Kedileri ameliyatsız kısırlaştıran gen terapisi geliştirildi
p>ABD’li bilim insanları, Anti-Müllerian Hormon (AMH) gen terapisi ismini verdikleri prosedürle kedileri ameliyatsız kısırlaştıran bir...
p>ABD’li bilim insanları, Anti-Müllerian Hormon (AMH) gen terapisi ismini verdikleri prosedürle kedileri ameliyatsız kısırlaştıran bir bilimsel çalışmayı duyurdu.
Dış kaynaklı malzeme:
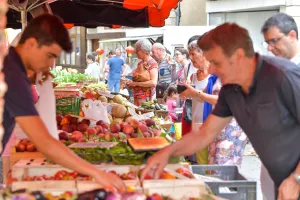 Le marché prend l'air !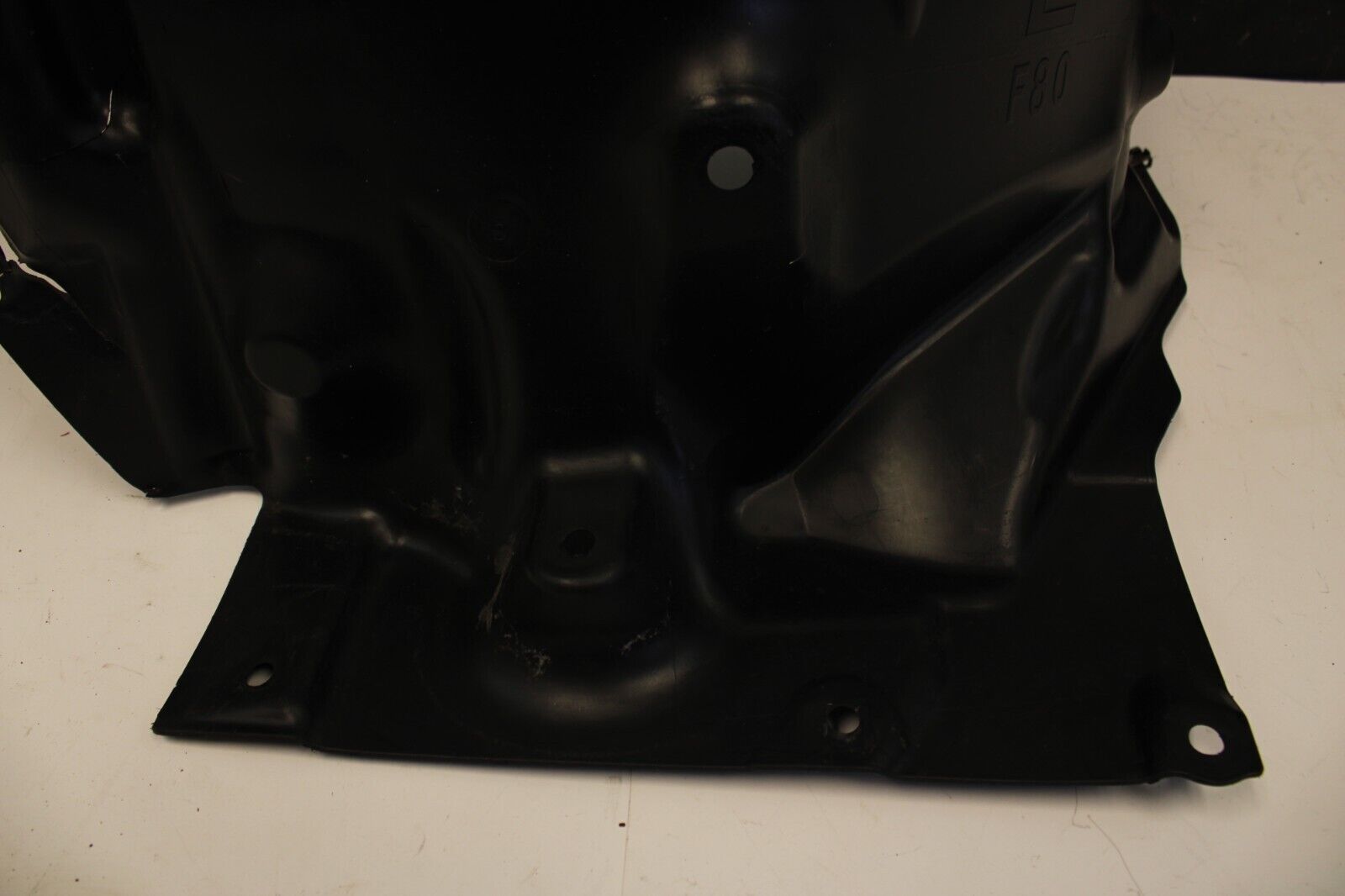 2016-2018 BMW M3 F80 Sedan Front Left Rearward Fender Liner Wheel OEM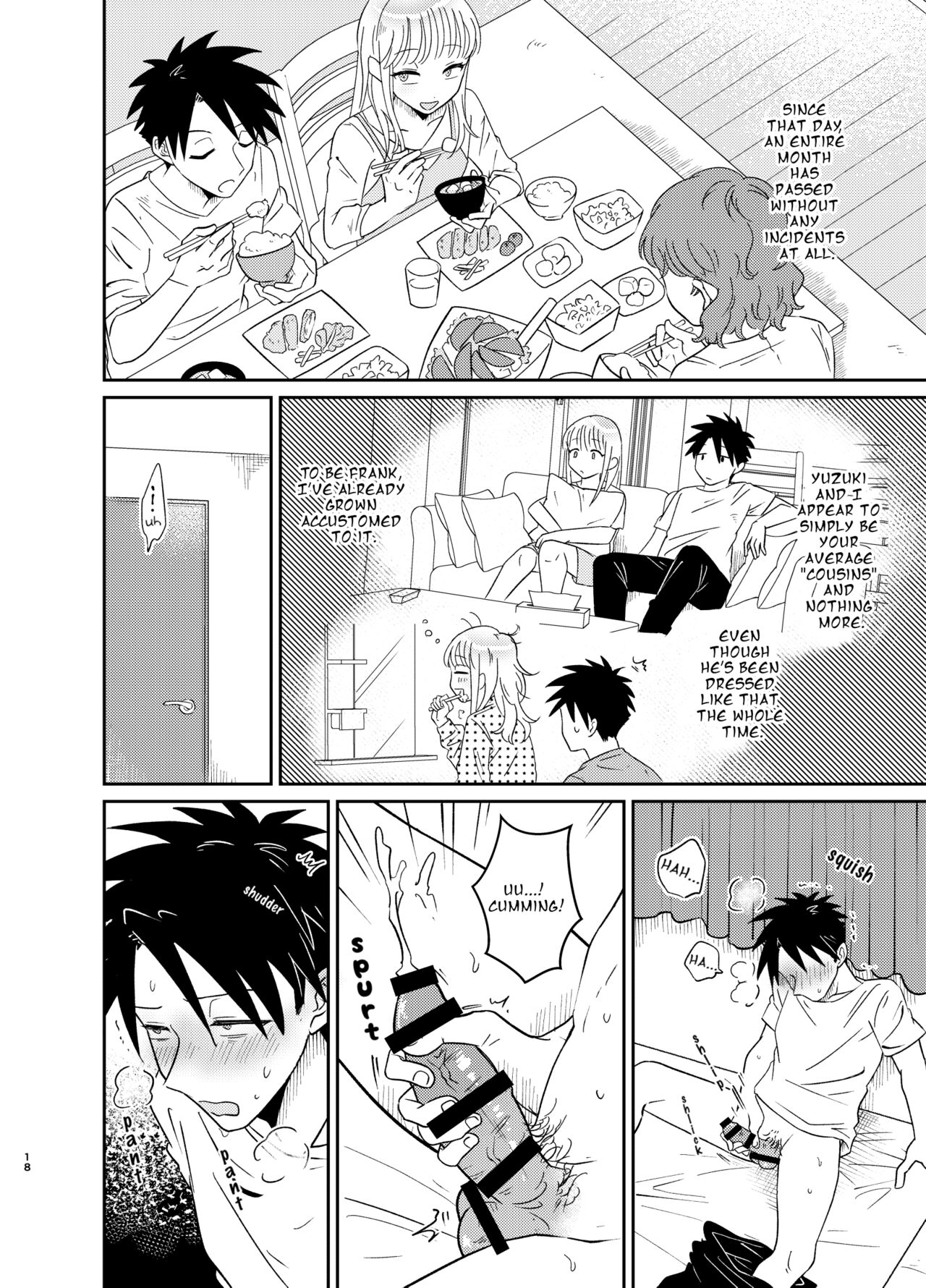 Mechakucha Kawaikute Ecchi na Itoko wa Suki desu ka? | Don’t You Like Your Absurdly Cute and Erotic Cousin? - Page 18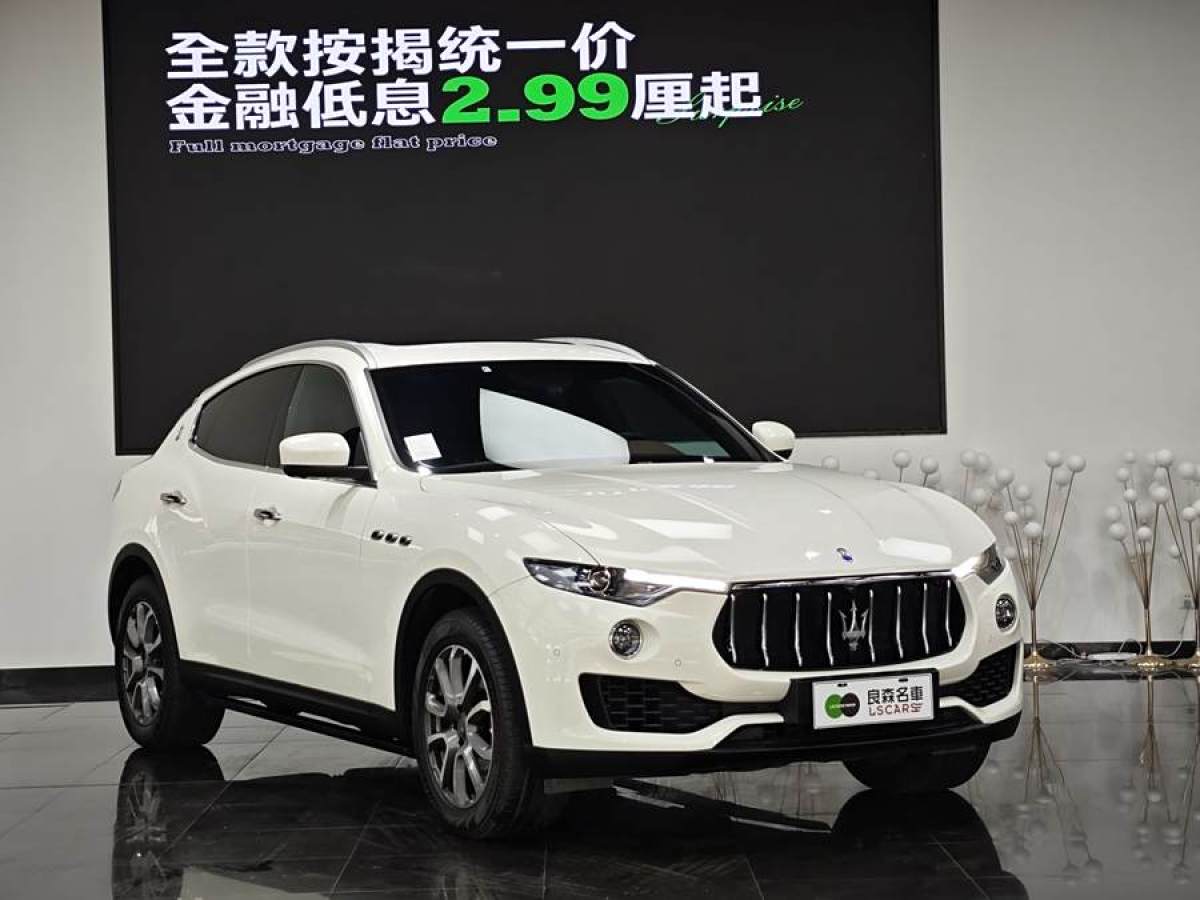 瑪莎拉蒂 Levante  2016款 3.0T Levante圖片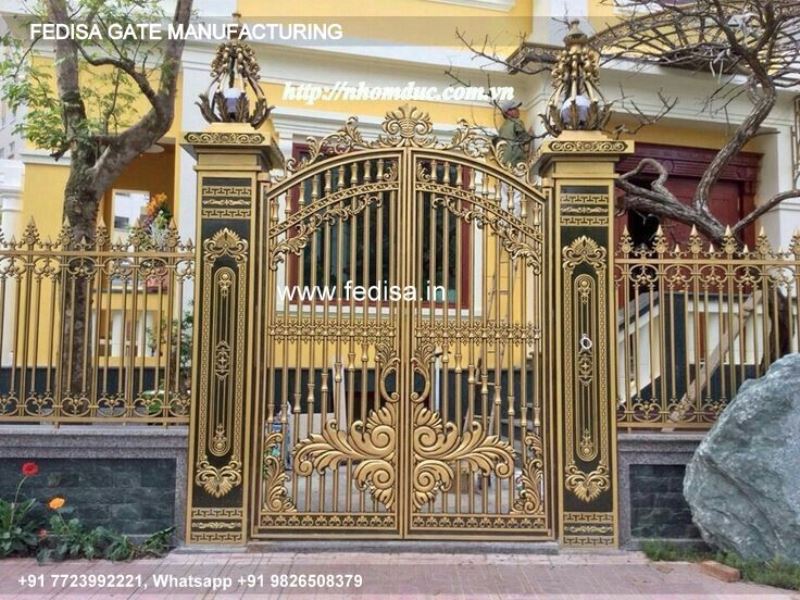 Gate Design Front Gate Design Steel Gate Single Door Price Rajwadi Gate Design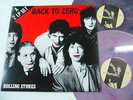 ROLLING STONES - BACK TO ZERO (RARE 2LP) COLOR VINYL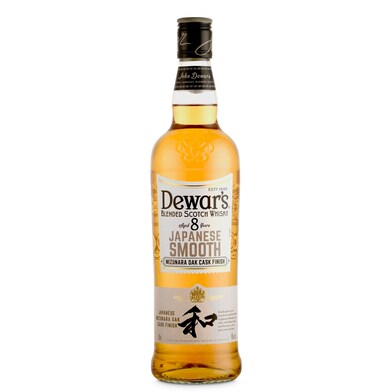 Whisky japanese smooth Dewars botella 70 cl-0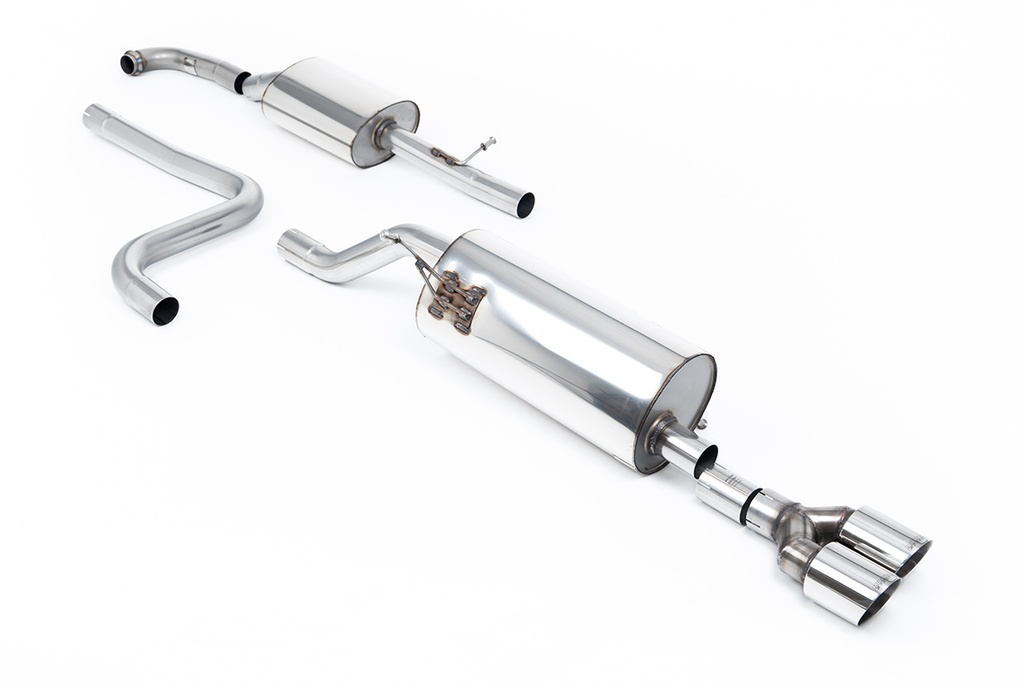 Milltek  Fiesta  Mk8 1.0T EcoBoost ST-Line 3 and 5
Terapinin, kedilerde uzun müddetli doğum denetim sağladığı vurgulandı.
Cincinnati Hayvanat Bahçesi liderliğinde Massachusetts Genel Hastanesi’nden ve Horae Gen Terapi Merkezi’nden bilim insanları 6 Haziran’da kedilerin ameliyatsız kısırlaştırılması üzerine ortak yürüttükleri bilimsel çalışma hakkında açıklama yaptı. Bilimsel çalışmayı ‘çığır açan değerli bir kilometre taşı’ olarak nitelendiren bilim insanları, tek doz Anti-Müllerian Hormon (AMH) gen terapisinin dişi kedilerde uzun müddetli doğum denetimine neden olduğunu duyurdu.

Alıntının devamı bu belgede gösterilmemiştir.